Ostthüringer Zeitung: Jörg Riebartsch kommentiert: Großprojekte – wenn die Kosten laufen lernen

Von Jörg Riebartsch

Endlich mal ein Großprojekt verwirklicht: In dieser Woche wurde
die Elbphilharmonie in Hamburg eröffnet. Viel später als
beabsichtigt. Viel teurer als geplant. In ein paar Jahren wird nur
noch die Freude überwiegen, dass eine Stadt in Deutschland sich ein
solch herausragendes Projekt leisten kann.

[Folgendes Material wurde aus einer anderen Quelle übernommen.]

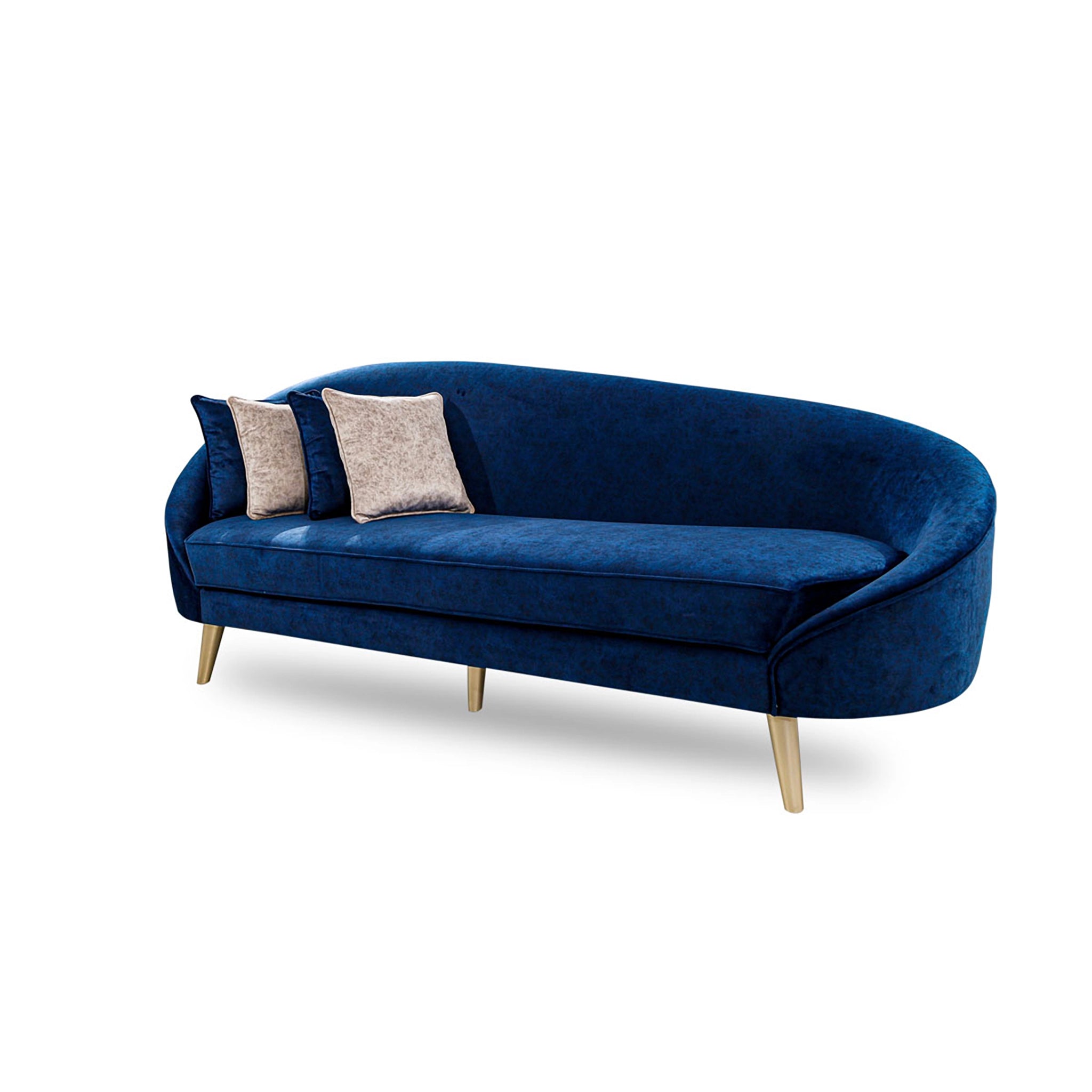 Blue sofa with two cushions on a white background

Bei anderen Projekten muss man sich die Frage stellen, ob es
irgendwann überhaupt einen Fertigstellungstermin geben wird. Das
schönste Beispiel ist der geplante neue Berliner Großflughafen,
dessen Eröffnung bereits so oft verschoben wurde, dass man nicht mehr
in Erinnerung hat, wie oft schon und wie oft noch.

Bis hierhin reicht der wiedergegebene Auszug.